Japanese architecture firm created this contemporary, industrial-chic concrete house here in Hiroshima with a straight edge and a no-nonsense facade. Located on a narrow lot next to a small stream, the home’s imposing curved walls tower over this quiet residential neighborhood, standing apart among its more traditional neighbors. Large picture windows help to break up this monolithic facade, adding visual interest to the commercial style exterior. The gentle arc of the wall creates some intimacy, slightly facing windows onto each other while maintaining open sight lines to the city. It’s indeed an interesting and inspiring choice for a family home.
On entry, you’re received in the spacious, two-storey foyer which, though inside the home, has a distinct outdoorsy feeling thanks to the concrete walls, unfinished compacted dirt floors, large windows and a tree growing in the center of it all. The open doorway invites visitors and cool breezes in. Exposed wood ceilings feature beams running crosswise and uncovered pipes snaking upward and overhead.

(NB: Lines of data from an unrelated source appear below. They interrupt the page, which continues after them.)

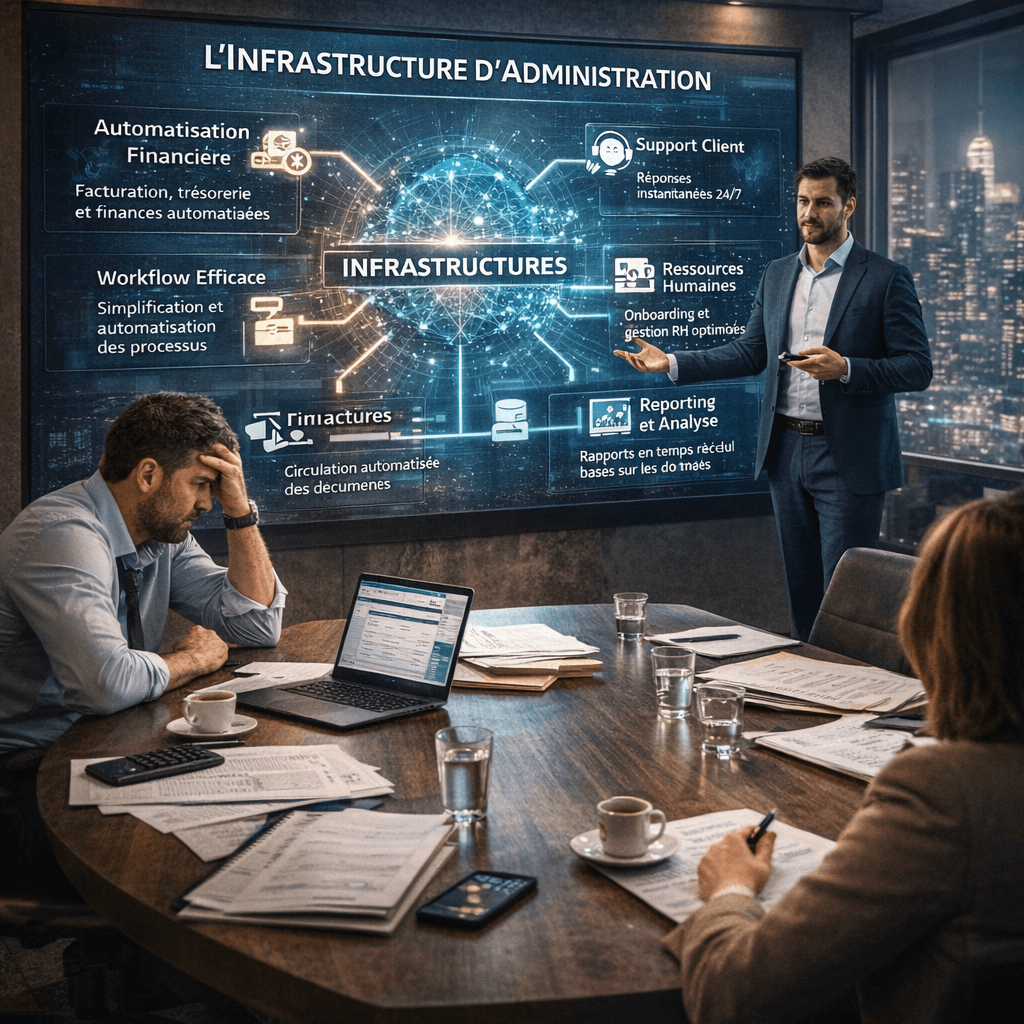 Réunion d’entreprise montrant un entrepreneur fatigué écoutant une présentation sur une infrastructure d’administration moderne avec automatisation financière, support client, ressources humaines et reporting sur écran numérique.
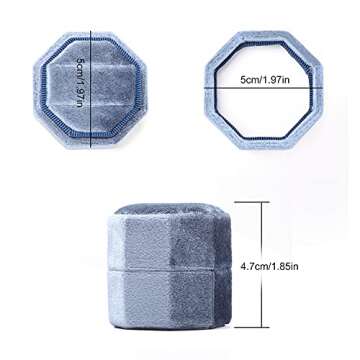 Etercycle Velvet Ring Box, Octagon Gorgeous Vintage Double Jewelry Ring Gift Box with Detachable Lid...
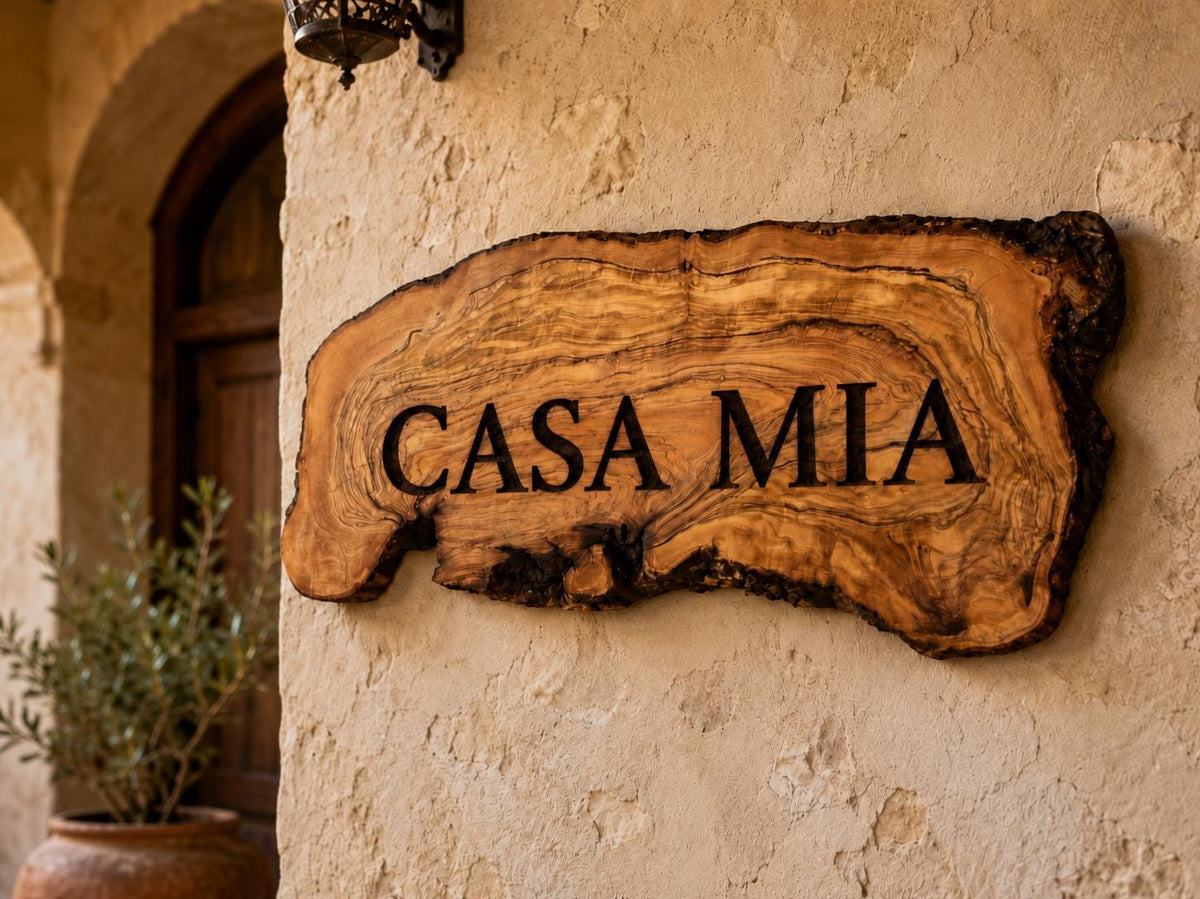 Personalized Olive Wood House Sign, Custom Finca Name Plaque, Rustic Villa Sign
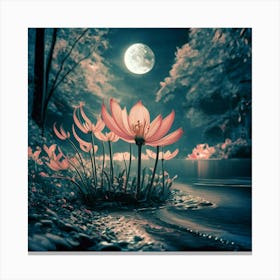 Lotus Flower In The Moonlight Canvas Print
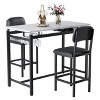 Maliang 3 Piece Dining Room Table Set, 1 Dining Table and 2 Upholstered Black Chairs, for Small Spaces, Apartment, Pub - 3 of 4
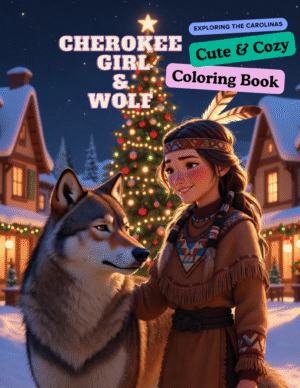 Cherokee Girl & Wolf Coloring Book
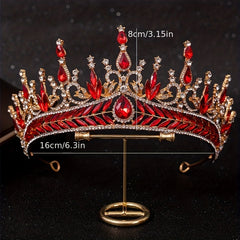Baroque Red Rhinestone Necklace Crown Princess Queen Head Jewelry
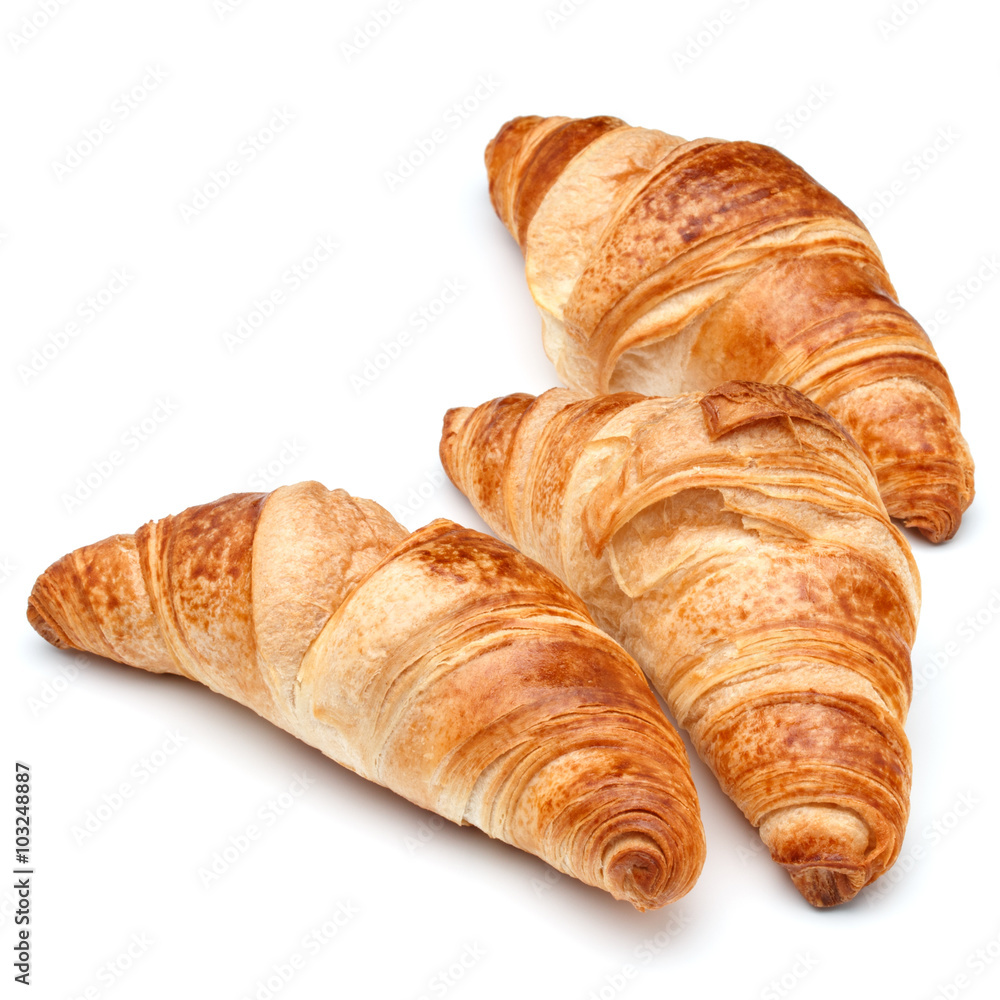 Croissant or crescent roll isolated on white background cutout Croissant or crescent roll isolated on white background cutout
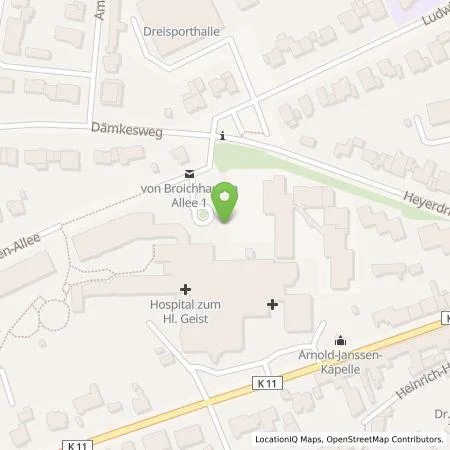 Standortübersicht der Tankstelle Hospital zum Heiligen Geist GmbH & Co. KG in 47906 Kempen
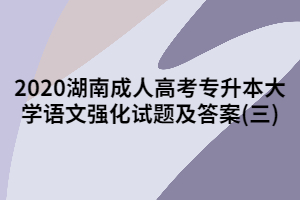 2020年湖南成人高考專(zhuān)升本大學(xué)語(yǔ)文強(qiáng)化試題及答案(三)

A slim set of concrete stairs rises up through this soaring reception area to the home’s true entrance leading into the kitchen. The upper-level loft area houses the main living areas and overlooks the lower entry area.
As you make your way upstairs, you can’t help but crane your neck and admire the rather crude beauty of the ceiling. Windows staggered along the tall walls flood this deep space with natural light.
Upstairs, the open concept kitchen is tucked behind a sliding glass door which opens to a small terrace, open to the foyer below. A large picture window frames views of the river and rock garden outside.
The concrete walls spill up and into this upper level, onto the ceiling of this open concept kitchen dining / living area. Adding to the home’s industrial style, a minimal center island reminds us of a work bench in a shop. An integrated sink sits comfortably in the countertop, with exposed plumbing and open storage shelves tucked beneath but in plain sight. Bare light bulbs dangle down at the ends of loose wires overhead. Warm, natural wood floors counterbalance the cool factor in this space.
The kitchen opens to a small dining nook. Opposite the concrete wall, a wood wall is done in exposed studs and plywood – a deliberately unfinished element to emphasize the unrefined aesthetic of the house.
In spite of its raw, unprocessed nature, the house appears curiously composed. Minimal furnishings leave the focus on the interesting architectural elements and the unfinished finishes, if that makes sense at all. While deconstructed to a certain degree, the home retains a warm and welcoming quality that makes it efficient, stylish and livable, all at once.
While the principal living areas are organized upstairs, the lower level takes on an indoor courtyard / atrium feel, complete with a dirt floor, a tap and patio furniture, all bathed in natural light.
Completely made of concrete, the towering structure commands attention on this quiet corner. It’s so unconventional and industrial that it takes the warm light emanating from its many windows to remind us that this is “home.”